- **Work request**: While leaving the pictures out, set down only the lines from the one with "Flat lay of" through the end of the records, exactly as they stand.

- **Dataset extract**:
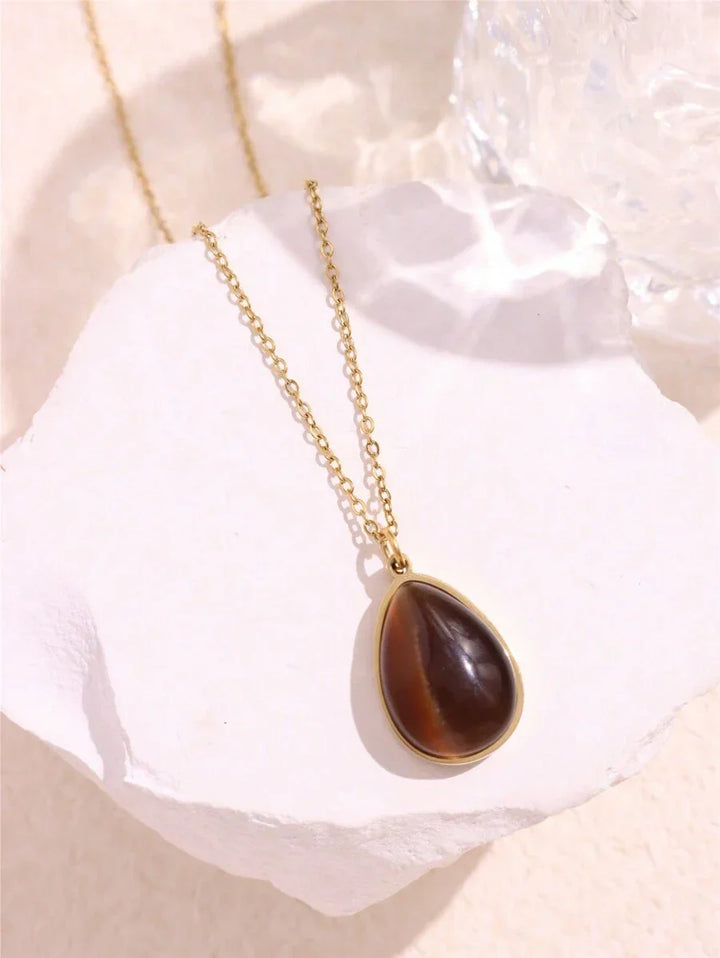 Layered Gold Tone Necklace Set With Resin Stone Pendants Boho Statement jewellery Gift Idea Fall 2026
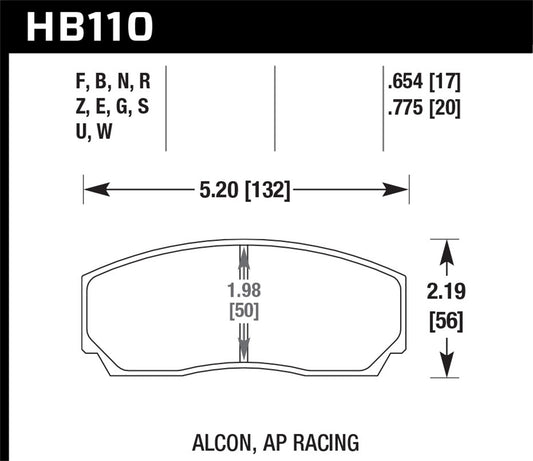 Hawk Performance - Hawk AP Racing CP3307/CP5040-5S4/(Essex) CP5200 (SC250) Caliper Blue 9012 Race Brake Pads - HB110E.654 - MST Motorsports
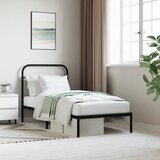  Metalni okvir za krevet s uzglavljem crni 90x200 cm | shoptok.hr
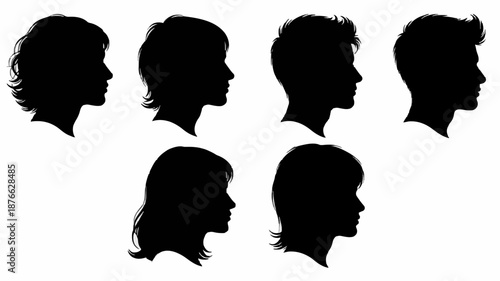 Flat lay of six black human head silhouettes in profile on a white background.
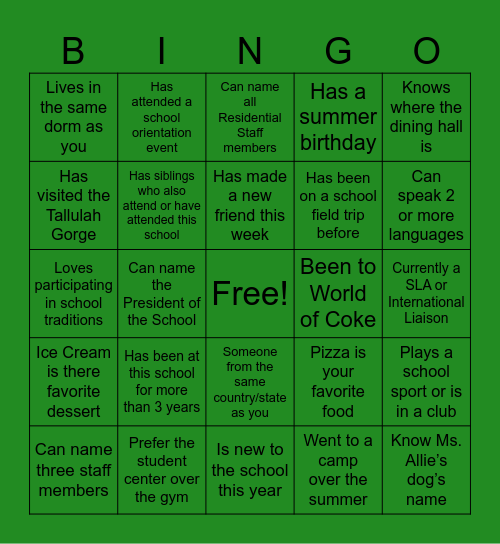 Welcome to Tallulah Falls School Bingo Card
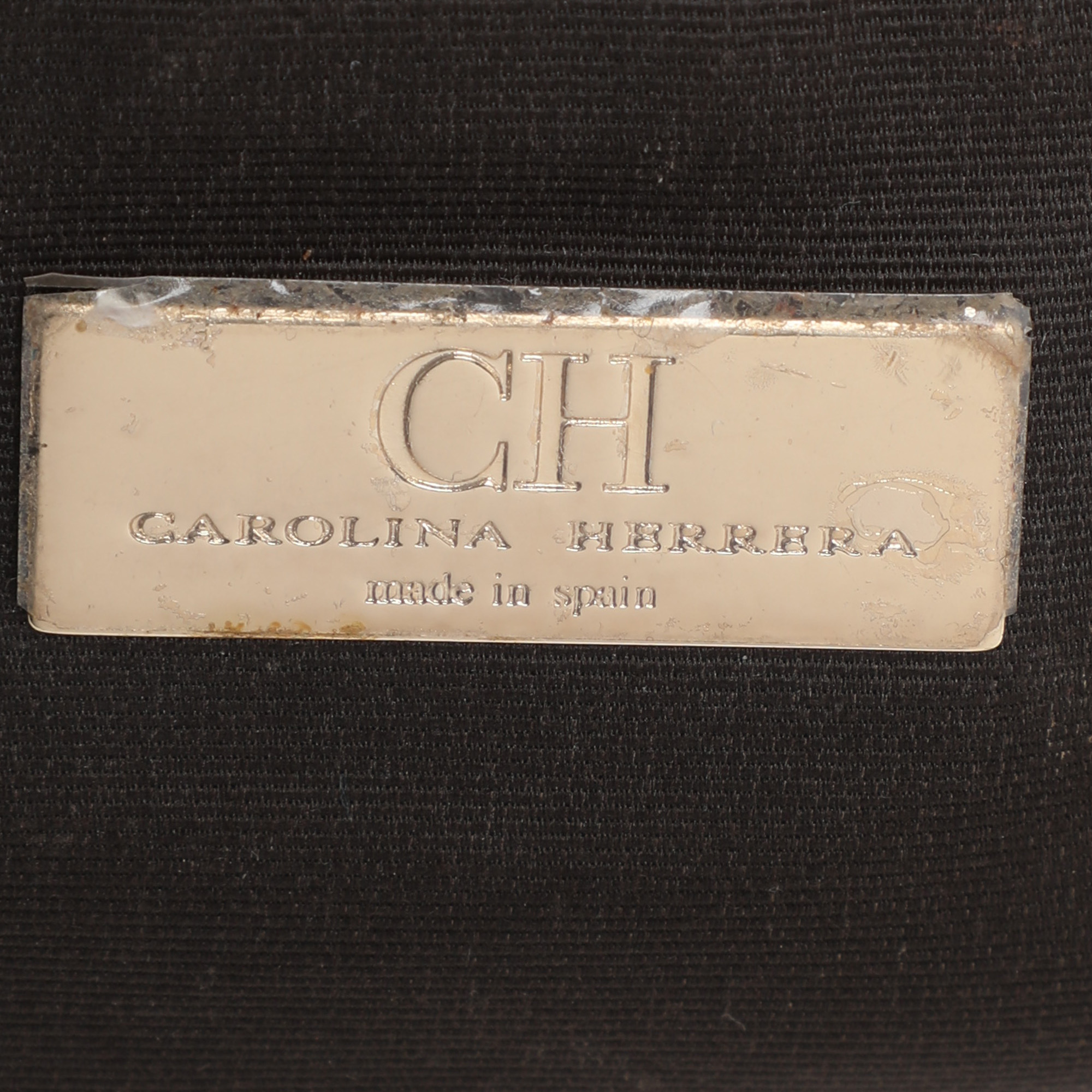 CH Carolina Herrera Brown Leather Chain Clutch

- **Result for this exercise**:
 Flat lay of six black human head silhouettes in profile on a white background.
 Welcome to Tallulah Falls School Bingo Card
 CH Carolina Herrera Brown Leather Chain Clutch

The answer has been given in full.